# Salmon Oil....WOW!! What a difference!



## gold'nchocolate (May 31, 2005)

I have used Lipiderm throughout the years and lately I was using something from Drs Foster and Smith but I started all of my dogs on Salmon Oil approx 5 weeks ago and I can not believe what a difference it is making in their coats. The black lab that I got from rescue last spring came to me with a very dry coat and dandruff. She did improve with the other product that I was using but after a few weeks of using salmon oil she is so shiny that the light reflects off of her even at night. The goldens don't shine in the same way as the lab but their coats are so nice and soft and healthy looking.

I just ordered some Grizzley Salmon Oil from Amazon.com and it is pretty reasonably priced because it is just over $25.00 for the 32 oz. size-- so it qualifies for free shipping.


----------



## robinsegg26 (Nov 14, 2006)

Mary (maggiesmom) has a great website where its a bit cheaper than that i believe... dont remeber the site addy though


----------



## Carsonsdaddy (Nov 1, 2006)

That's cool. I was just looking at some Grizzly Salmon Oil at the store last night. The store had it for $36 for the 32 oz bottle....$25 sounds much better.  I'll have to tell wifey about that, I wasn't convinced I wanted to spend that much on the bottle if it doesn't work....but I've heard good things about so who knows....


----------



## Rosco's Mom (May 1, 2007)

Rosco didn't like it. I think thats one of the reason he stopped eating his food.....but i haven't tried giving it to him since we switched his food though.....

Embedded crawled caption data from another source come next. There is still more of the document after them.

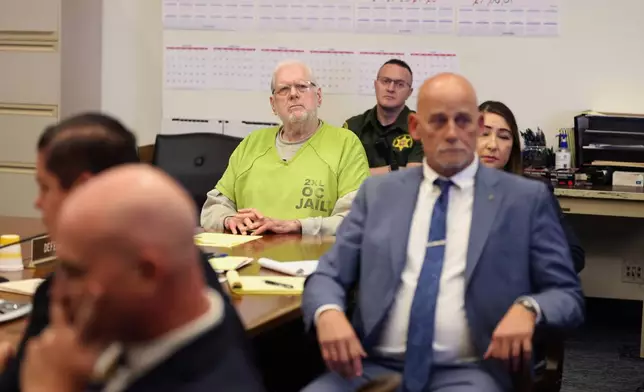 Orange County Superior Court Judge Jeffrey Ferguson reacts as he listens to victim impact statements while appearing for sentencing after his second-degree murder conviction for shooting his wife, at the Central Justice Center in Santa Ana, Calif., Wednesday, Sept. 17, 2025. (Allen J. Schaben/Los Angeles Times via AP, Pool)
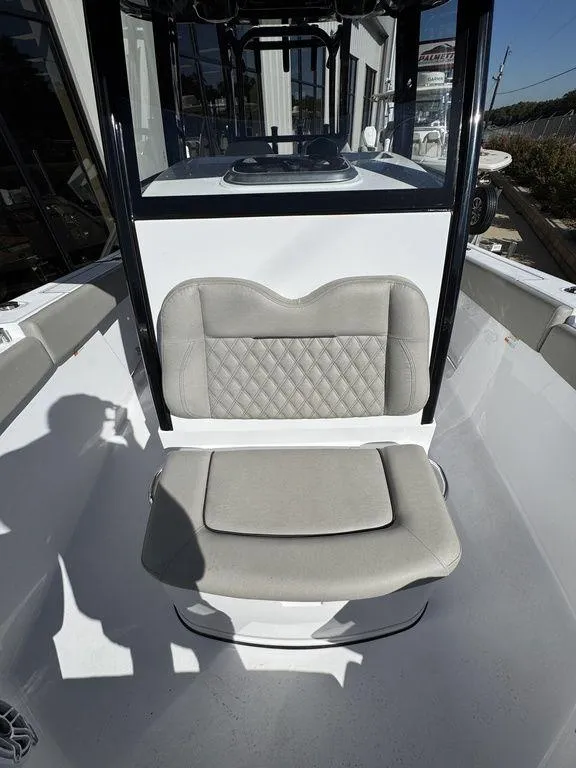 Slide: The Image of 2025 Sportsman Open 282 boat with cushioned seating and sleek design. - 17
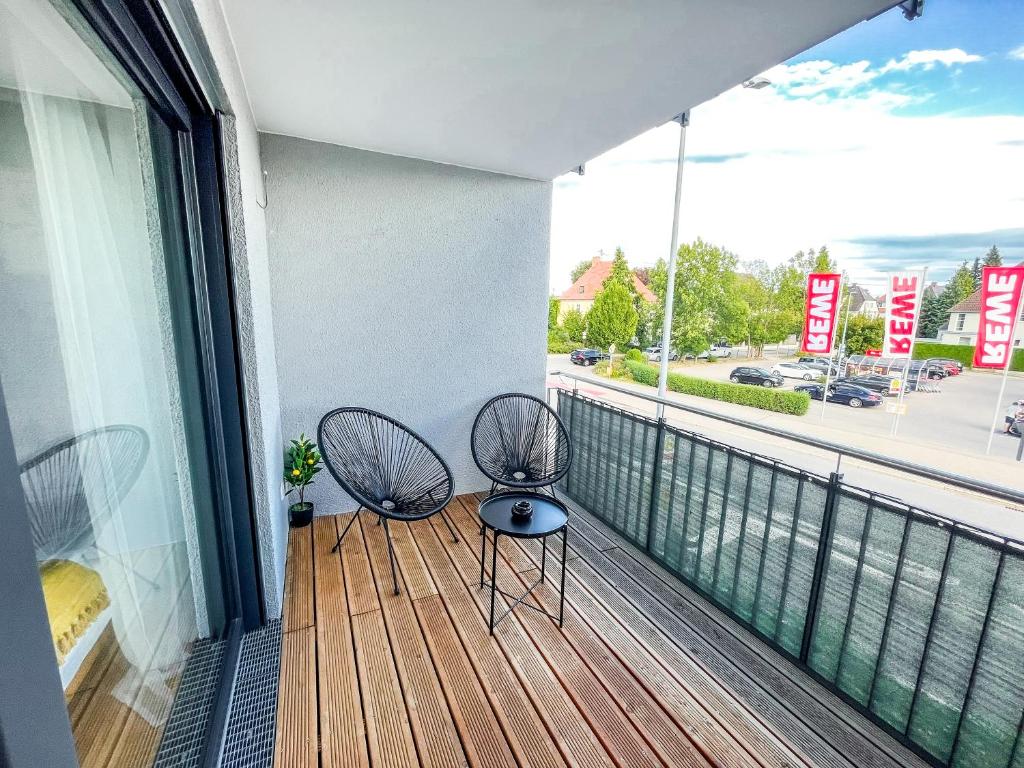 two chairs on a balcony with a view of a street at theSunset Club - STUDIO Küche - Balkon - Parken in Memmingen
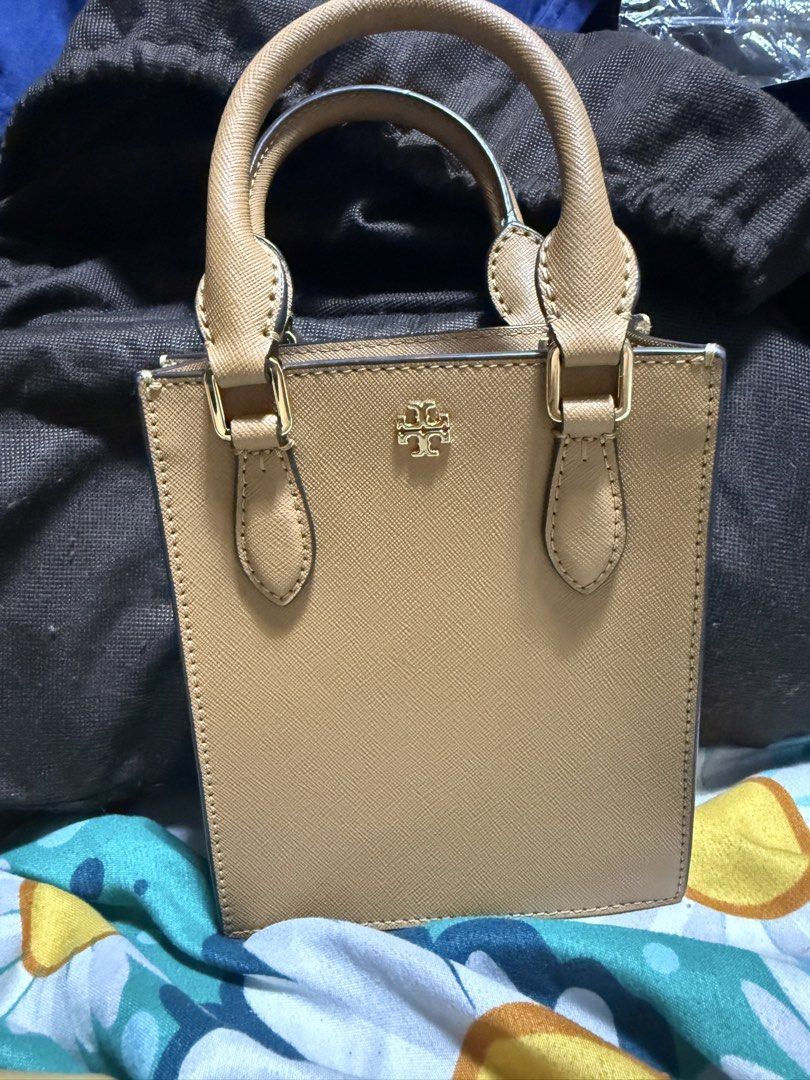 Tory burch mini tote bag (Category: Cross-body Bags) located in Quezon City. Submitted by kashbags (Listing ID 1460969335, Image 1). Description: Original Tory Burch Mini Tote Bag 🤎✨ Condition: Like New / Excellent Condition Color: Beige / Taupe Style: Elegant & classy mini tote Includes: Detachable sling strap — can be worn as a handbag or crossbody 👜 ✔️ Structured and stylish ✔️ Gold-tone hardware ✔️ Perfect for everyday use or special occasi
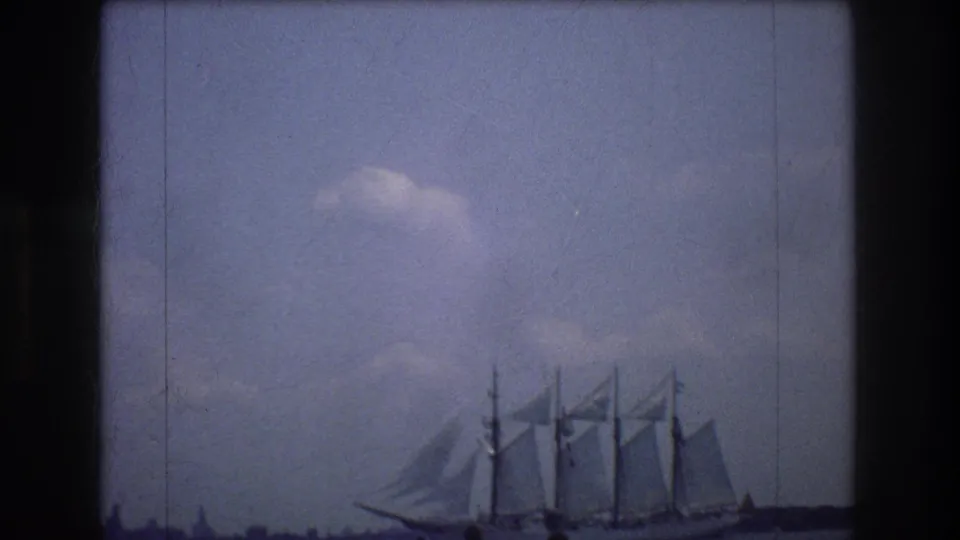 The tall ship remains in view on New York harbor, its masts and sails silhouetted softly against a blue, cloudy 1970s home-movie sky.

but i think it did help his dry skin, when he was getting it.


----------



## Rosco's Mom (May 1, 2007)

Carsonsdaddy said:


> That's cool. I was just looking at some Grizzly Salmon Oil at the store last night. The store had it for $36 for the 32 oz bottle....$25 sounds much better.  I'll have to tell wifey about that, I wasn't convinced I wanted to spend that much on the bottle if it doesn't work....but I've heard good things about so who knows....


I always bought the small bottles, just in case he didn't like it.


----------



## Maggies mom (Jan 6, 2006)

Here is the site I buy it from, its $23.95 for 32oz. I usually buy the 4 for $80.00. 

Alpha Nutrition


----------



## Lestorm (Feb 25, 2007)

We cant get it in the UK. Our poor goldens are totally deprived, bless!:no::no::no::no::no::wavey:


----------



## gold'nchocolate (May 31, 2005)

Carsonsdaddy said:


> That's cool. I was just looking at some Grizzly Salmon Oil at the store last night. The store had it for $36 for the 32 oz bottle....$25 sounds much better.  I'll have to tell wifey about that, I wasn't convinced I wanted to spend that much on the bottle if it doesn't work....but I've heard good things about so who knows....


Here it is: 
Amazon.com: Grizzly Salmon Oil All-Natural Dog Food Supplement in Pump-Bottle Dispenser, 32 Ounces: Home & Garden
It's $28.21 but you won't need to pay any shipping...which is sometimes more than the product that you are buying. I got another brand at Pet Barn and it was close to $40 bucks for the 32 oz size. It's really worth it though. I've been using the first bottle that I bought for around 5 weeks and it's not gone yet and I'm feeding 5 dogs, so it's lasting a good long time.


----------



## Maggies mom (Jan 6, 2006)

Rosco's Mom said:


> Rosco didn't like it. I think thats one of the reason he stopped eating his food.....but i haven't tried giving it to him since we switched his food though.....
> 
> but i think it did help his dry skin, when he was getting it.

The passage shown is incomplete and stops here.